Gabriel Puga | Redação RJ
JUVENTUDE – Estudantes organizavam uma manifestação na manhã desta quarta-feira (25) pedindo o afastamento de um professor acusado de assediar as alunas quando foram agredidos por um policial militar. O caso aconteceu no CE Senor Abravanel (antigo CE Amaro Cavalcanti), localizado no Largo do Machado, Zona Sul do Rio de Janeiro.
O que dizem os estudantes agredidos?
Marissol Lopes é uma estudante de 19 anos e atualmente preside a Associação Municipal dos Estudantes Secundaristas do Rio de Janeiro (AMES-Rio). Foi agredida com dois socos e teve a sua camisa rasgada. “Eu tenho vindo desde o início do ano aqui na escola ajudar o grêmio estudantil a organizar as lutas pelas melhorias na escola. Não é a primeira vez que somos recebidos com violência. A secretaria de educação, mesmo sabendo que temos direito de entrar nas escolas, prefere que as estudantes sejam assediadas do que ver a luta estudantil organizada”, denuncia.
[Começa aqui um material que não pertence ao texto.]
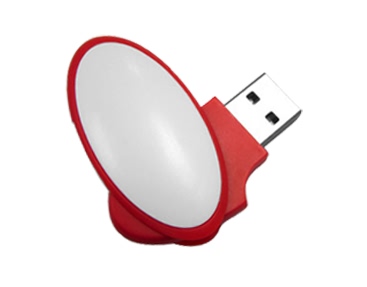 PZS001 Swivel USB Flash Drives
Theo Oliveira tem 18 anos, é secretário-geral da AMES-Rio e também foi agredido. “Viemos por uma denúncia justa das estudantes. Há anos que professores são denunciados por assédio e a SEEDUC-RJ não faz nada. Eu só fui defender a Marissol e o policial me jogou no chão.”, relata em entrevista ao Jornal A Verdade.
Também foi detido João Herbella, diretor do DCE UFRJ e do Centro Acadêmico da Escola de Comunicação. Ele foi para apoiar a manifestação e o seu “crime” foi gravar o que os policiais fizeram com os outros dois estudantes.
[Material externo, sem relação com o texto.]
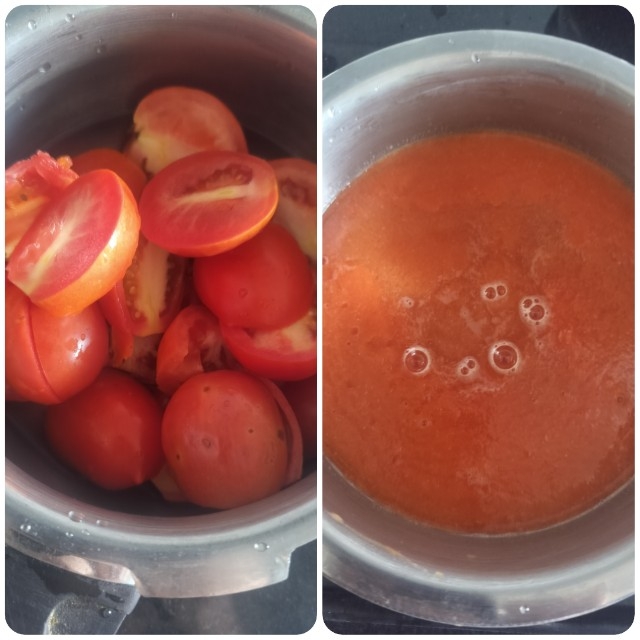 Tomato Soup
O que diz a Secretaria de Educação?
Em nota, a SEEDUC-RJ afirmou que “a direção da unidade acionou a Polícia Militar durante um protesto de alunos de forma preventiva, com o objetivo de garantir a segurança de todos”. A AMES-Rio e AERJ, entidades estudantis presentes no momento, questionam qual é o perigo que cartazes e palavras de ordem dos estudantes poderia trazer. A realidade é que a Polícia Militar foi convocada para intimidar a luta estudantil. Não é a primeira vez que a PM age com brutalidade dentro de uma escola, mesmo na Zona Sul do Rio de Janeiro. Segundo as associações, em 2024, a PM entrou no CE André Maurois, no Leblon e jogou spray de pimenta em estudantes.
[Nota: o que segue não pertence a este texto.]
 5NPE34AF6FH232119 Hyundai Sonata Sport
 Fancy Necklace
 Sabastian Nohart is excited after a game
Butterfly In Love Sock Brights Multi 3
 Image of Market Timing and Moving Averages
“É isso que significa a militarização das escolas que a direita tanto agita como a solução para os nosso problemas. Essa semana relembramos os 58 anos do assassinato de Edson Luís pela ditadura militar por lutar como estamos lutando. Queremos chamar todos os estudantes para uma grande manifestação amanhã começando na Prefeitura do Rio às 14 horas, em memória de Edson Luís, contra o assédio e a repressão nas escolas.”, convoca Marissol.